Chicken with Mushrooms

  • Prep:
  • Total Time:
  • Servings: 4
Chicken with Mushrooms

Photography: Andrew Purcell

Source: Everyday Food, September 2012


  • 1/4 cup all-purpose flour
  • 1 1/2 pounds chicken cutlets
  • Salt and pepper
  • 1 tablespoon olive oil
  • 3 tablespoons unsalted butter, divided
  • 2 tablespoons fresh thyme leaves, chopped
  • 1 pound button mushrooms, trimmed and quartered
  • 1/4 cup dry white wine
  • 1/4 cup chicken broth
  • 1/4 cup chopped fresh parsley


  1. Place flour in a shallow dish. Season chicken with salt and pepper, then coat with flour, shaking off excess.

  2. In a large skillet, heat oil and 1 tablespoon butter over medium-high. In batches, cook chicken until browned and cooked through, about 3 minutes per side. Transfer to a plate and tent loosely with foil.

  3. Reduce heat to medium, add thyme, mushrooms, and remaining 2 tablespoons butter, and cook until softened, 6 minutes.

  4. Add wine and broth and cook, stirring, until reduced by half, 3 minutes. Season with salt and pepper. Return chicken to pan along with any accumulated juices; top with parsley.

Reviews (10)

  • katbaran 6 Oct, 2013

    This is just the dish I was looking for! Simple, great taste and easy. I should have looked here first instead of searching elsewhere. The chicken was tender, the mushrooms were soft and silky and the spices added an extra kick. Loved it!

  • Sanders1255 26 Aug, 2013

    Delicious and fast! I added some garlic with the thyme which made it even better.

  • Jartz 12 Aug, 2013

    Made this tonight, it came together great. Actually looked like the picture which is always nice! Tasted great and I already know I will be making it again. If you watch the video and follow the tips you can't go wrong.

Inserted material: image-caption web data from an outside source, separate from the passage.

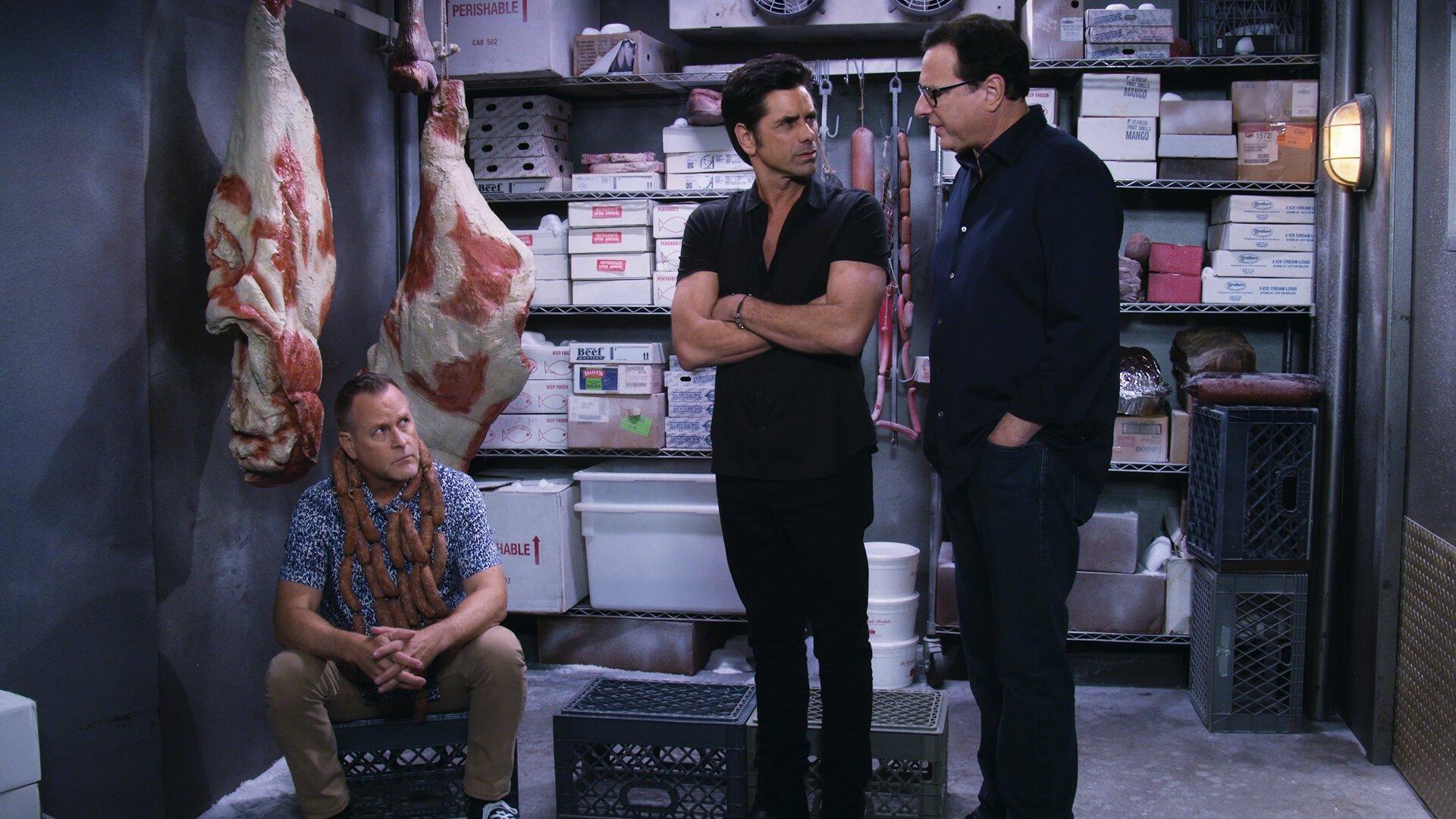Still from Cold Turkey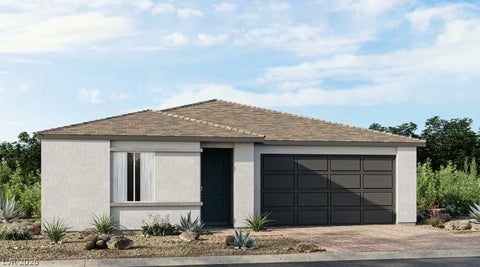 Photo of 4428 Golden Horizon Street, Pahrump, NV 89061 (MLS # 2805756)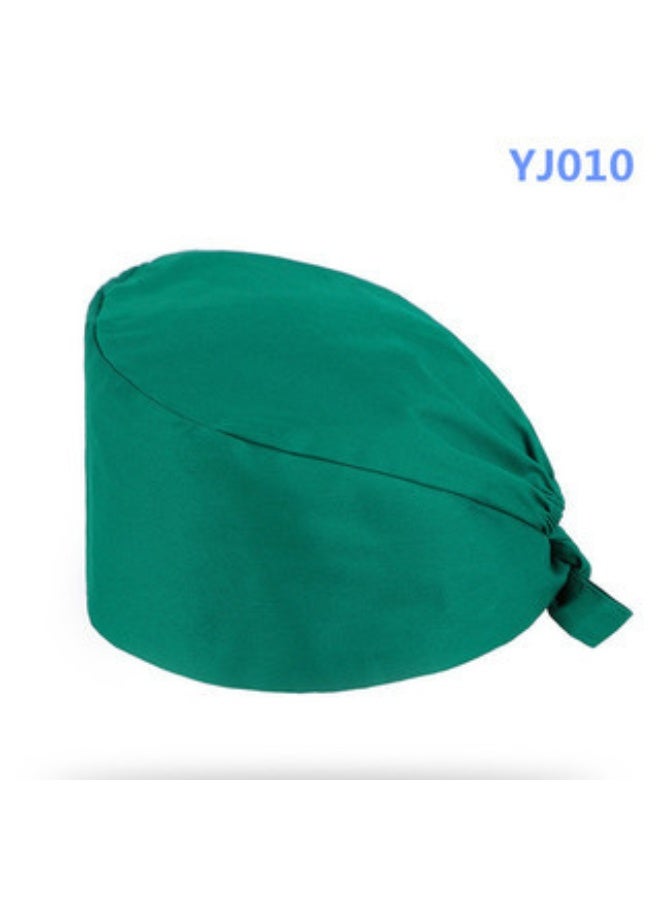 Cotton Printed Surgical Cap - Unisex for Nurses and Doctors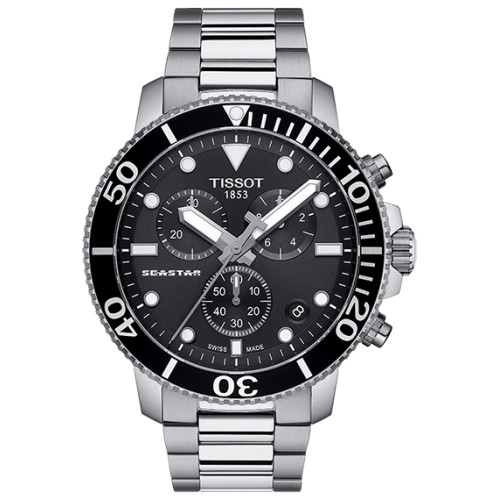 Tissot Seastar 1000 Chronograph T120.417.11.051.00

  • frazierak 20 Mar, 2013

    I would suggest only using fresh thyme for this recipe. I was really hoping the convenience and availability of dried would work out, but it definitely was not restaurant worthy. Not bad, but I know fresh will be much better. And probably only 1 tsp of dried thyme if you absolutely must.

  • maxsmom77 6 Mar, 2013

    Because we can't have wheat does anyone have a suggestion of what to use instead of flour at the beginning? Maybe cornstarch, arrowroot, guar gum? I want to try this but we can't have the wheat.

  • ellcee55 5 Mar, 2013

    Really easy and delicious recipe. I'm always looking for a quick week night meal and hit the mark. I really liked the earthy flavors of the mushroom and thyme together. Next time I'll make a little more pan gravy. Also, I didn't have any white wine on hand so I substituted with some Chinese Xiaoshing wine and it was still delicious.

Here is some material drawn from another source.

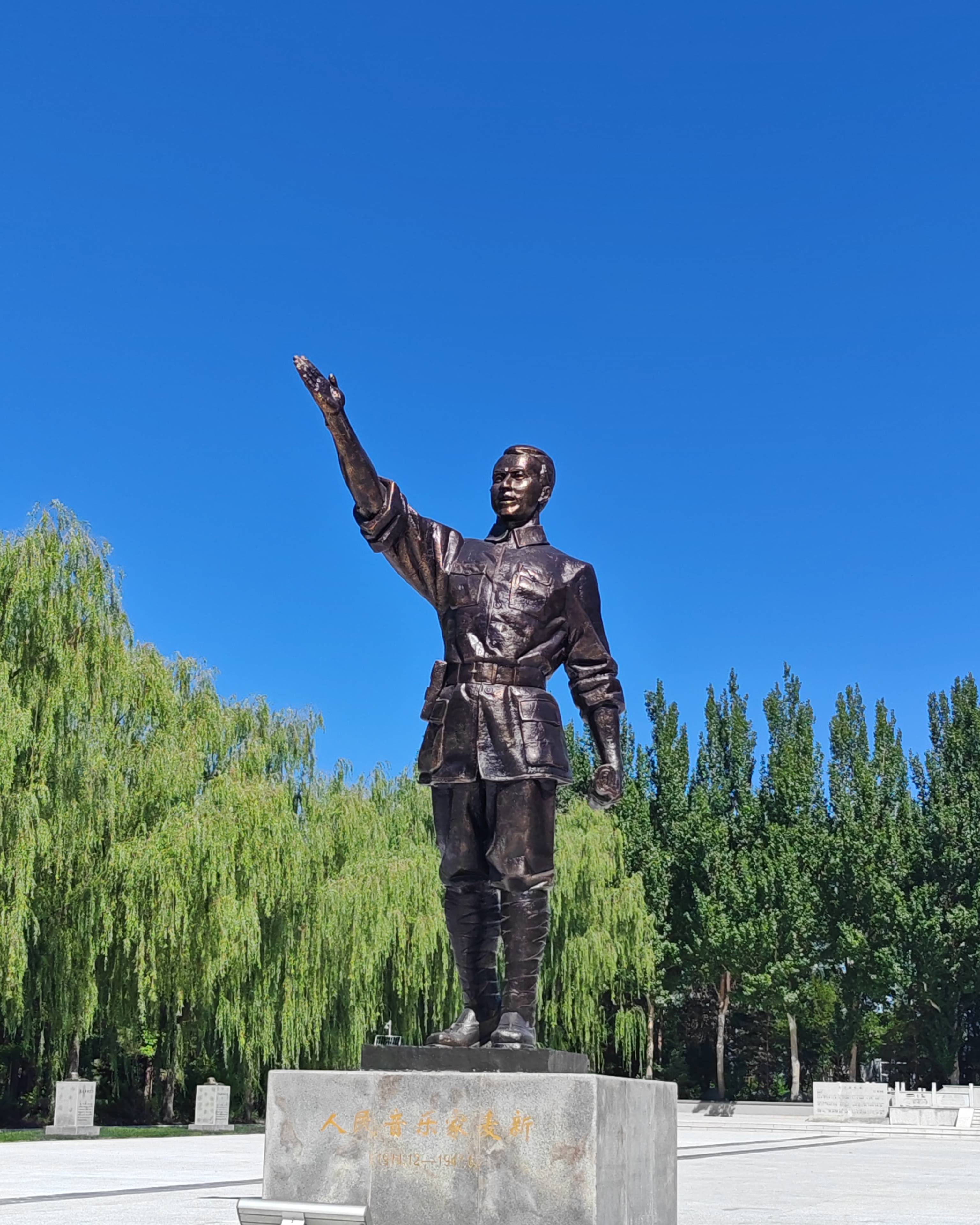 走进内蒙古开鲁县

  • Cynthiamills 4 Mar, 2013

    This was an excellent dinner that I served with a creamy rosemary polenta. I followed the recipe and it was easy and perfect. Thank you, Sarah!

  • Mom2wandv 4 Mar, 2013

    This was a delicious, easy recipe! Considering that I have no kitchen right now due to renovations, I was astounded that I could pull off something so sophisticated in taste with the few plugin appliances i have to use right now.

  • b braun24 4 Mar, 2013

    i keep kosher. If i would substitute butter for oil would the taste be compromised?

  • Lenise27 30 Sep, 2012

    This was an easy answer to what to do with boneless chicken breasts. Very quick and easy to make. Excellent taste. I followed the recipe exactly. The sauce was wonderful. Would be a good dish to serve to company.